Tibetan Noodle Soup recipe
Noodle soup originated in the Eastern part of Tibet. The dish then became popular in various parts of Northeast India.
Here is the recipe for Tibetan noodle soup.
Ingredients for Tibetan noodle soup
- A bag of wide egg noodles
- 1/2 small onion
- 4 cloves garlic, minced
- 2 tablespoons ginger, minced
- 1 large tomato, chopped
- 5 ounces English peas (we used raw, fresh peas)

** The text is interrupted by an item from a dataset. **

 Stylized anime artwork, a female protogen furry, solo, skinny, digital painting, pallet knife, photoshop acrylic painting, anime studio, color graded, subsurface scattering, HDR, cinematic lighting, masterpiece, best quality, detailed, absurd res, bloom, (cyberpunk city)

- 6 medium or large Shiitake mushrooms, sliced
- 2 cups of celery, diced
- 5 ounces super-firm tofu, chopped
- 2 stalks green onions
- 2 tablespoons cilantro, minced
- 1 heaping teaspoon salt
- 2 tablespoons soy sauce
- 1/8 teaspoon black pepper
- 6 tablespoons cooking oil
Directions for Tibetan noodle soup
- Boil water and begin cooking noodles.
- Heat 6 tablespoons cooking oil on high heat in a large frying pan or wok suitable for stir-frying.

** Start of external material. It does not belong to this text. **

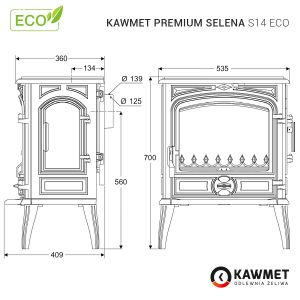 Kawmet SELENA S14 ECO - kamna litinová odborný prodejce levně!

- When the oil is hot, add onions and fry while stirring.
- After one minute or so, stir in your chopped tofu, and continue to stir fry.
- After about 3 minutes, stir in your ginger and garlic.
- After one more minute of stir-frying, add the sliced mushrooms, diced celery, and chopped tomatoes. Stir well and cover your pan.
- After 7-8 minutes, add your soy sauce plus a pinch of salt. Stir the dish and cover.
- Once the lid is on again, turn the heat down to medium or medium-low, and cook for about 20 minutes to infuse flavor in the veggies.
- After 20 minutes, add your English peas. Increase the heat back to high and stir to mix well.
- After 3 more minutes, stir your noodles into the pan, mixing all the ingredients well.
- Stir fry just long enough to heat the noodles through, 2 or 3 minutes.
- Turn the heat off, and add your green onions and cilantro.